Our first ride came from a a guy in the cannabis industry, but only a few miles up the road. Next a car dealer rode us all the way up to Santa Fe, snapping a picture of us for his family to see later. A family gave us a short ride north of town after that, and there we waited for quite a while.
We couldn't give up. Santa wouldn't give up, he'd push on.
And just like that one of those 18 wheelers was now pulling over. We ran for it and hopped up into the truck to meet the ex-Marine and long time trucker, currently aiming to end his day in Fort Collins. Warm again, and now knocking out about half the miles of our trip in one ride with this truck driver and his little dog.
It was in Loveland where we stopped for some food, it's also there where the driver decided he'd press on just a bit further on up to Cheyenne. This was good news for us, as this would connect us up with Interstate 80, as well as getting us officially into Wyoming. Once there he tried using his CB radio to catch us our next ride with another trucker, but nothing came of it.
We found some cardboard and made a "WEST" sign, deciding we'd brave the cold for a bit and try to catch a ride standing under the streetlight by the entrance to the interstate.
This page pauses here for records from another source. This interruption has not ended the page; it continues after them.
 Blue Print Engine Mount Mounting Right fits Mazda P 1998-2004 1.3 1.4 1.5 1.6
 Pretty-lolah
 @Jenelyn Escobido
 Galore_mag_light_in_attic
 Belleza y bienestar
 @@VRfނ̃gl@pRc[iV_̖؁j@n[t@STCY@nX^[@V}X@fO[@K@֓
This didn't last long, however, as cars and trucks were few and far between while the cold didn't quit.
We headed back inside the truck stop to warm up an evaluate. One possibility, which I've done several times before, is to sit in the truckers lounge overnight, fading in and out of sleep before getting back on the road come daylight. It's not the best sleep and you can run the risk of getting kicked out (although that's never happened to me in these instances), but it became a moot point as this truck stop didn't have a lounge.
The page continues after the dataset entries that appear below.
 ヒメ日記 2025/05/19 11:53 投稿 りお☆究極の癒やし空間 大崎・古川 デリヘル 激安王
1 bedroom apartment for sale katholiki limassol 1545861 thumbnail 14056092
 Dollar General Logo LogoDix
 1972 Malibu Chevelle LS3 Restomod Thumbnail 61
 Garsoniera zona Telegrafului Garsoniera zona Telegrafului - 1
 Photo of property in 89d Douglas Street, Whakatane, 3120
In the meantime someone who'd seen us early came by and bought us some food, a pretty awesome thing to happen in that moment.
Afterwords we walked a mile or more, one last trek through the chill to get to a warm room for the night, luckily still close to the highway.
After the good night's sleep we clattered on back to the highway. The wind was vicious, sucking the air out from us in bone chillingly freezing fashion. Both of us wearing all layers of clothes we had underneath our Christmas gear, my cheeks now authentically rosy. After a good long while, though, Marilyn's hands were once again taking on the blue color. "Marilyn! You're hands are freezing!"
We were just about to take a break, march our way back to find a nearby gas station or some other place to warm up, when our ride came just in time.
Finally of course someone did, a family from Florida heading to some sand dunes just several miles down the road, they dropped us off a pretty desolate turn off up the road. We kept marching from there, now with the sun going down once again, and now quite far from anything other than the road and frozen plains around us.
An oil field worker saved us from that situation, picking us up armed with burritos and pastries. He took us up the next bitty town where he got us some hot chocolate before dropping us off. It was dark now and only the gas station was open, and basically that's all the town was, that too would be closing soon. There was a streetlight at least, so we planted ourselves there. Someone driving the opposite direction gave us some more warm gear, that and the hot chocolate made things at least a bit more bearable.
We spent nearly a week in town altogether; catching up with my mom, siblings and more family; visiting the amazing Melvin Brewing a couple times in the Thai Me Up restaurant, checking out the tire-salt-licking big horn sheep and having good meals all along. For Christmas day itself we went skiing, crisscrossing around the mountain as much as possible. A day on the mountain is always a good day, especially in Jackson.
It wouldn't be until a few days after Christmas that we'd get going, eastbound for New Years, and what a wild year it would be ahead. A few continents, flights, trains, buses, hitchhiking, a backpack/tent project, love, breakups, pick pockets and muggings, more love, more bliss, more pints and more of everything that's kept me kicking on down the road. Ho ho ho and every night a good night.